I added a bunch more creatures, including a section of basic undead, and some tactically-renamed D&D favourites. :D This is the last time I'm going to update the original post, because it's getting too big! I will put the Bestiary in an open Google Drive folder and post the link up top, and I will keep updating the Bestiary for the foreseeable future. Probably won't have dragons til after Christmas, but y'all aren't ready to fight dragons yet, right?

8 hours ago, Direach said:

Probably won't have dragons til after Christmas, but y'all aren't ready to fight dragons yet, right?

You've clearly never had me as a GM before then! I love throwing a dragon at players on their third or fourth adventure, usually a young one that they might be able to beat if they are clever enough. If not, it's a great lesson in "you know you can run away...it doesn't change much."
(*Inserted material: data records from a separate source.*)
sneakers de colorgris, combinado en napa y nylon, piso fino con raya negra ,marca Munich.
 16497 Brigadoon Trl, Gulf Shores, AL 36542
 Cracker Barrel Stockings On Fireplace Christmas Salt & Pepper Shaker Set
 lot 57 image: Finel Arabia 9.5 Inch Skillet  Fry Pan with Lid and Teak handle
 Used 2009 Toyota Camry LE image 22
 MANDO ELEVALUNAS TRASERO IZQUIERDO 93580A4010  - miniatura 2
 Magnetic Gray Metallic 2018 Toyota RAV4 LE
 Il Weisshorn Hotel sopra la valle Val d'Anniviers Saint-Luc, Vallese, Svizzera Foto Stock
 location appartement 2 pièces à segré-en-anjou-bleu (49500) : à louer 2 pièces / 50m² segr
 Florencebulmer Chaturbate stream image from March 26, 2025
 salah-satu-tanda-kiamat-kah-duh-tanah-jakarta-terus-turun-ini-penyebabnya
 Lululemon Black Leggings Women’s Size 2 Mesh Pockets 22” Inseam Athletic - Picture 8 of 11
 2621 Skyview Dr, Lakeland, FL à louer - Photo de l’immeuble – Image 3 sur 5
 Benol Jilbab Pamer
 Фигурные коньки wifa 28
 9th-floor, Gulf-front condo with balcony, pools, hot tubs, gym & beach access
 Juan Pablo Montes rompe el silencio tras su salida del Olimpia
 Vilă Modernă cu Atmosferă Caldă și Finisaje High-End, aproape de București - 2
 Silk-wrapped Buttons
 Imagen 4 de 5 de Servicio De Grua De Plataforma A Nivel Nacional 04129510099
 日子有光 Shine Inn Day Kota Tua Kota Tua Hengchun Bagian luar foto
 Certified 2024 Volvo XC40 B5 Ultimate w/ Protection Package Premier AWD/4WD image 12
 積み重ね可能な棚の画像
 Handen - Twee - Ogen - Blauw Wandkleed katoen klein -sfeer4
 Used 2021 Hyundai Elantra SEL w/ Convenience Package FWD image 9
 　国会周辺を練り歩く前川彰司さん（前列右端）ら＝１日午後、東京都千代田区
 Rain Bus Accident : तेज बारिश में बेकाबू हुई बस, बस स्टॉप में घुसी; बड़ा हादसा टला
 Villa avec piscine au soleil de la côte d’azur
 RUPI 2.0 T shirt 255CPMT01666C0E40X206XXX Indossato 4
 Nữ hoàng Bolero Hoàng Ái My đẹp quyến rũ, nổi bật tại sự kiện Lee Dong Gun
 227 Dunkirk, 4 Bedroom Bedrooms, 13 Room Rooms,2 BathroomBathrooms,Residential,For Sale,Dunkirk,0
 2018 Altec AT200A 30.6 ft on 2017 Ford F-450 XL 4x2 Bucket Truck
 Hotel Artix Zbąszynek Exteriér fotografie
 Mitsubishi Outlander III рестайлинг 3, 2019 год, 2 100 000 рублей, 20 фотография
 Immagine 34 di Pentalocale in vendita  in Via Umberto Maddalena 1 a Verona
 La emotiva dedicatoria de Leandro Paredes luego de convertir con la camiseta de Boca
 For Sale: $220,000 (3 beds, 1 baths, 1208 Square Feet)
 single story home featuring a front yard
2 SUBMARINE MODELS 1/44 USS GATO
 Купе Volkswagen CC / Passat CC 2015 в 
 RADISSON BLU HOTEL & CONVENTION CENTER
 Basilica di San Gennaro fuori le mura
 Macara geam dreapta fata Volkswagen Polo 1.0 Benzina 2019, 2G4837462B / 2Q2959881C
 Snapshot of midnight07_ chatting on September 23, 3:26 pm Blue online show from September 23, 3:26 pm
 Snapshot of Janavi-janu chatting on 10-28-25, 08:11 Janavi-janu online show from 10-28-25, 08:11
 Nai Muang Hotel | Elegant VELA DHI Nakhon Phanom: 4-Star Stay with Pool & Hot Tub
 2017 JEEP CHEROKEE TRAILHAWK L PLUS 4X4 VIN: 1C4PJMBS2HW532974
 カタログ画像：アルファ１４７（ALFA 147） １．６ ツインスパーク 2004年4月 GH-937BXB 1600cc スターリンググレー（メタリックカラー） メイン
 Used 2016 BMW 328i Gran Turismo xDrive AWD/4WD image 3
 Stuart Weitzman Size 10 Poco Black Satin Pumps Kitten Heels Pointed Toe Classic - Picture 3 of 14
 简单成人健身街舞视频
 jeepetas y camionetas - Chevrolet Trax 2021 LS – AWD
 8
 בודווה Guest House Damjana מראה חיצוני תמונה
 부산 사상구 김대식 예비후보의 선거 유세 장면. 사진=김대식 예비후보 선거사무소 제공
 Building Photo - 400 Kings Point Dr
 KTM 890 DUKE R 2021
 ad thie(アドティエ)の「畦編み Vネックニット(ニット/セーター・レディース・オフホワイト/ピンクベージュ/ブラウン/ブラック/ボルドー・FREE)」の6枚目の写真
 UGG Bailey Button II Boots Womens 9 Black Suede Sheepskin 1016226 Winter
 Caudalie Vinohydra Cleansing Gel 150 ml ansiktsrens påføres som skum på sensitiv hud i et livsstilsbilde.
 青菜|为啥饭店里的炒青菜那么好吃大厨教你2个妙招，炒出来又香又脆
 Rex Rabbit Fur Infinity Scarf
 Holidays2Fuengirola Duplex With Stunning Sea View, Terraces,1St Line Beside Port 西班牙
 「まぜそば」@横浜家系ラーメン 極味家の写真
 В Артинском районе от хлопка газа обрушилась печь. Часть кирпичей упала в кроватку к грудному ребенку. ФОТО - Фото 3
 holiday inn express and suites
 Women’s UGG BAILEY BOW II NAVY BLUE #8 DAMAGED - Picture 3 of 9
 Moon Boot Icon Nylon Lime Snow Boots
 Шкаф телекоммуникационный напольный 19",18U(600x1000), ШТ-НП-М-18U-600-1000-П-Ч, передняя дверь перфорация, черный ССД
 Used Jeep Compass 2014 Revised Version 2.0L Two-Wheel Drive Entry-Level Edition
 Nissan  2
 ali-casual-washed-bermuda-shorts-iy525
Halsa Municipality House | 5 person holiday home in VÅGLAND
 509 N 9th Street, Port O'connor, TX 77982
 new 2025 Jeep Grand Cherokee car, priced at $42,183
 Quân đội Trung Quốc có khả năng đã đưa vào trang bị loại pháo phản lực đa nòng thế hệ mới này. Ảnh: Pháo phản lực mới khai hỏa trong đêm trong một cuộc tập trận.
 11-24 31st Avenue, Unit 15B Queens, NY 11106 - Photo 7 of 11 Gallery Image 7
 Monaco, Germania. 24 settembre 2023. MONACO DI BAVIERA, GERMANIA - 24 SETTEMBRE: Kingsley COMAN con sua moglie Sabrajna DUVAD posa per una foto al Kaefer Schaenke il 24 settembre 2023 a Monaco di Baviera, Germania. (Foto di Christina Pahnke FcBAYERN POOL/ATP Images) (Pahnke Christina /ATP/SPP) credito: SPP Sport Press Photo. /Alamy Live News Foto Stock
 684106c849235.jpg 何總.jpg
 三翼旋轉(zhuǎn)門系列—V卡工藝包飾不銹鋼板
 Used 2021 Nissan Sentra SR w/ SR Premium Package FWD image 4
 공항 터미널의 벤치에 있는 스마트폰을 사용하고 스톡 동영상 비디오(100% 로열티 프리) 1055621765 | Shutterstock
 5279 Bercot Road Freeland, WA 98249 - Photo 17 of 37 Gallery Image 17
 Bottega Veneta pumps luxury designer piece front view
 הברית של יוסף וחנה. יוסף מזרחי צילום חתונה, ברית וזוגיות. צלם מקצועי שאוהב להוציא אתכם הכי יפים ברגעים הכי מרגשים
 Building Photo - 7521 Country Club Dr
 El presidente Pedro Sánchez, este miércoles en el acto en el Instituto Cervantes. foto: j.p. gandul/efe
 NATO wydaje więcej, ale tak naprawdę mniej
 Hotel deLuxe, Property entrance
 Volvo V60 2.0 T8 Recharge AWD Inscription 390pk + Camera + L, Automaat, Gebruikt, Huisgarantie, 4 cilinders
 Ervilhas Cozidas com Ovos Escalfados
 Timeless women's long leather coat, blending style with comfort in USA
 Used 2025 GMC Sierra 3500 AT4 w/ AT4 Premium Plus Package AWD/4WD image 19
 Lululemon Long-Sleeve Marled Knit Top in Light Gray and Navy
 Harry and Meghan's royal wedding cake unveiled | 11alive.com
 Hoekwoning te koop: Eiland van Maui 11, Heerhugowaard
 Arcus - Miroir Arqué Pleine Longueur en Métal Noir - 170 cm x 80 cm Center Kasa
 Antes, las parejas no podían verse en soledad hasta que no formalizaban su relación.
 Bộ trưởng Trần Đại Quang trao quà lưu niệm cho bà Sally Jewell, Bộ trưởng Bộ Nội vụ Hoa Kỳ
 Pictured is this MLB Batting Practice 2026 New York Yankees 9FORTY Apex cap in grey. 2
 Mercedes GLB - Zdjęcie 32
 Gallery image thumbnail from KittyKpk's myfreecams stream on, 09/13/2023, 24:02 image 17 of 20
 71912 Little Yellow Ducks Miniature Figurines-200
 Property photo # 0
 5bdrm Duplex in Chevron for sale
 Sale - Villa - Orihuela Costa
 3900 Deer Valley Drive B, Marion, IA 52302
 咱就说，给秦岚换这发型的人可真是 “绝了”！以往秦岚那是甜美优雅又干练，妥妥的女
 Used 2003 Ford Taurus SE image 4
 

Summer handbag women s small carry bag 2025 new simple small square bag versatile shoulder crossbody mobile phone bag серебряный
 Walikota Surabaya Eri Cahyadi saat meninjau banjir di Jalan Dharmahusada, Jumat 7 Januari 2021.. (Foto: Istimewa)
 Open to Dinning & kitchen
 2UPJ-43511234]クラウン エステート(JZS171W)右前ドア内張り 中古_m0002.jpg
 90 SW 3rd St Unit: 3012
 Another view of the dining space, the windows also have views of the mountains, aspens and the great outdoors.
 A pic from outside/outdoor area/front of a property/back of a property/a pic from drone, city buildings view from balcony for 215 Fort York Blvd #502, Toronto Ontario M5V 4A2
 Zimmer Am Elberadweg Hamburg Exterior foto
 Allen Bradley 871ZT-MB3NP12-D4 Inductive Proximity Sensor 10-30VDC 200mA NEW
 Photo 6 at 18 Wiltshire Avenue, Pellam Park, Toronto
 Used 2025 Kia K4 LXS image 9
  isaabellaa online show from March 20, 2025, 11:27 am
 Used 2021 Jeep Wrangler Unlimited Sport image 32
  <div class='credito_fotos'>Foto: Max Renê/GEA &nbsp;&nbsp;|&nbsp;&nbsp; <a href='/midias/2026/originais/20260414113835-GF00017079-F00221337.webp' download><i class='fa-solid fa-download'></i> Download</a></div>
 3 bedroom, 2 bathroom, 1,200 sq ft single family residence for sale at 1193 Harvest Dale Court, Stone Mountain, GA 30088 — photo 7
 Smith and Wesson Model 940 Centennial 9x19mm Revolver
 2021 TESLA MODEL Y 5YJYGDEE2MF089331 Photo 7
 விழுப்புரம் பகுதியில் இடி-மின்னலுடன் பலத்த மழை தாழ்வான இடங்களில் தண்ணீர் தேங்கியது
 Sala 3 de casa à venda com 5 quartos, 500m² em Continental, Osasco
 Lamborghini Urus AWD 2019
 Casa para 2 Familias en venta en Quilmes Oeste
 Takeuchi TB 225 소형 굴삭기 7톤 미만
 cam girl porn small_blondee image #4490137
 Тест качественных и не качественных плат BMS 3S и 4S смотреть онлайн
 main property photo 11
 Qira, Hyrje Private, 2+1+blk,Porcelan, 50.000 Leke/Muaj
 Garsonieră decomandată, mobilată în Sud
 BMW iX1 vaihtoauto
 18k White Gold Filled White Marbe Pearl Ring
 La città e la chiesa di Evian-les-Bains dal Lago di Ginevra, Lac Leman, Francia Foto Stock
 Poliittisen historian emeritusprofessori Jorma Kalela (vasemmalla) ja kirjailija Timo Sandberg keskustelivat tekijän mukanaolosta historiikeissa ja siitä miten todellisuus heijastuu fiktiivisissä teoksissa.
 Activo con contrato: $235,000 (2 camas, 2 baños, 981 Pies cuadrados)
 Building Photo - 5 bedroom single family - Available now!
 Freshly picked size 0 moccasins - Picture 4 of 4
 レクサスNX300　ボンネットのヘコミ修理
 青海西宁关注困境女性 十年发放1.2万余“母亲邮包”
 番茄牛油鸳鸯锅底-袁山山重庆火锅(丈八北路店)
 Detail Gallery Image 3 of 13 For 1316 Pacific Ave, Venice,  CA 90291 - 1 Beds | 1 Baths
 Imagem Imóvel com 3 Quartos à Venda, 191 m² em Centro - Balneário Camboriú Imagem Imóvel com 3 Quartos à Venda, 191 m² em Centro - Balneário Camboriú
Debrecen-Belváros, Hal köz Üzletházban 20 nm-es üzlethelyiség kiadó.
This is pretty awesome! Thank you

It's probably worth noting, GMs, that there is absolutely no reason that a creature with two claws, or claws and a bite, can't employ the two-weapon fighting rules. While some creatures listed here have Multiattack, meaning they get a full attack with two (or more) weapons, most creatures can (and should) employ two-weapon fighting with their natural armament. Likewise, a humanoid or wight armed with a sword and shield can slash with its sword and follow up with the shield, or vice versa. Put your players to the test!

I edited the document version for clarity, so that the abilities were easier to read.

Edited by Direach

Just dropping a line to thank you for this marvellous bestiary!

Do you mind if I use some of these profiles for my own work? With appropriate credit. Seems pointless to reinvent the wheel when coming up with generic creature profiles when you've got everything done so nicely.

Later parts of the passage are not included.